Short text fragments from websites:
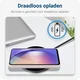 Samsung Galaxy A54 Hoesje Camera Bescherming Dun TPU Back Cover Beige afbeelding 2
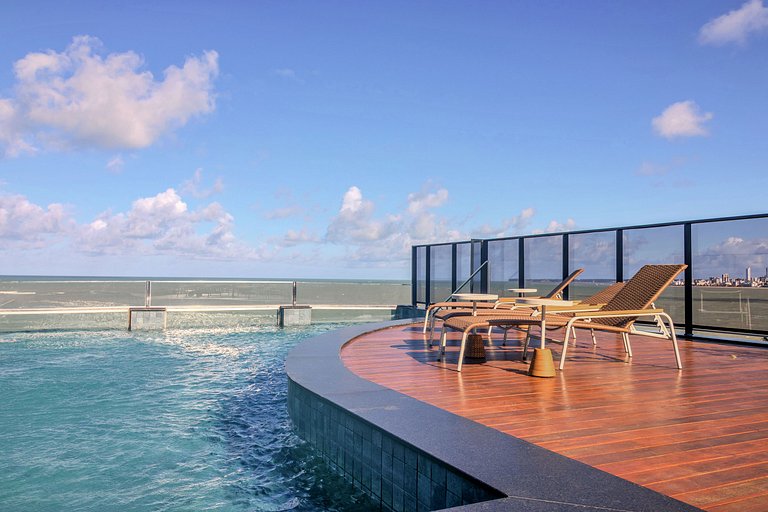 Flat pé na areia 402 Alta Marine - MyFlats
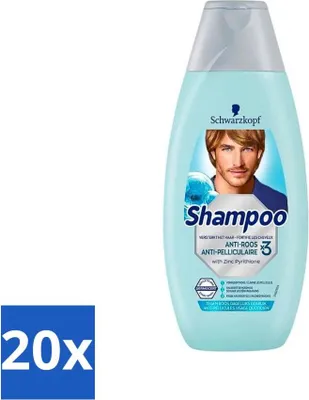 Produktbild von Schwarzkopf - Anti-Schuppen Shampoo - Gegen Schuppen & Juckreiz - 400 ml - Vorteilspack - 20 Stücke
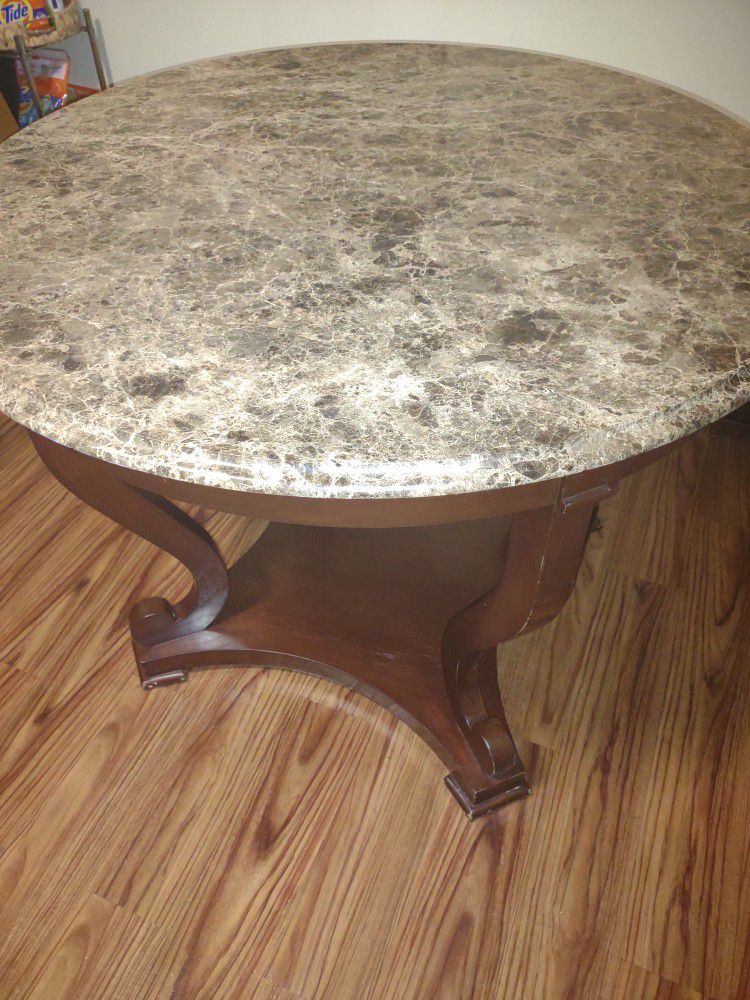 Marble Top Dining Table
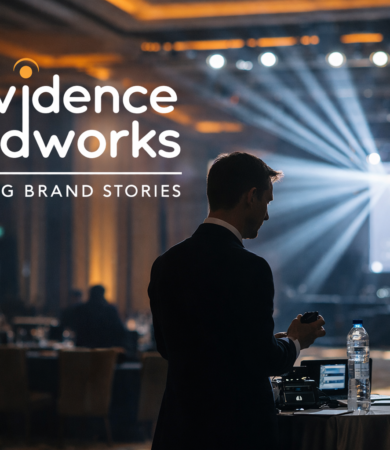 Best event company in gurgaon managing a premium corporate event with professional stage lighting and production setup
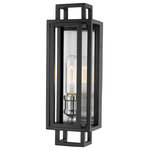 Z-Lite - Titania One Light Wall Sconce, Black / Brushed Nickel - Exquisitely crafted with bold black lines surrounding a gleaming brushed nickel frame this single-light wall sconce will illuminate your home in style. This handsome fixture looks especially elegant in a bedroom or with one placed on each side of a bathroom mirror.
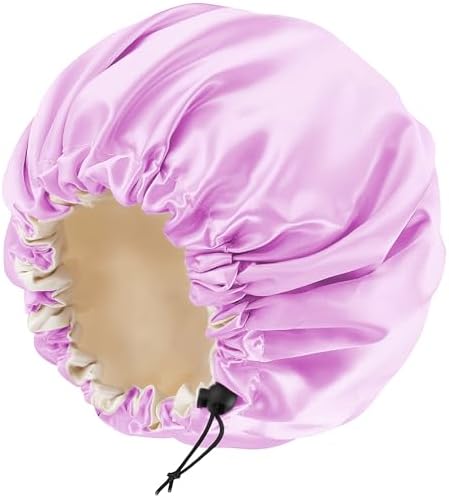 Edoneery Satin Bonnet for Sleeping Women, Double Layer Adjustable Sleep Cap by Edoneery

Assignment:
From the first line above down to the line with "Marble Top Dining Table", reproduce every line and no others, omitting pictures.

The completed task:
 Samsung Galaxy A54 Hoesje Camera Bescherming Dun TPU Back Cover Beige afbeelding 2
 Flat pé na areia 402 Alta Marine - MyFlats
 Produktbild von Schwarzkopf - Anti-Schuppen Shampoo - Gegen Schuppen & Juckreiz - 400 ml - Vorteilspack - 20 Stücke
 Marble Top Dining Table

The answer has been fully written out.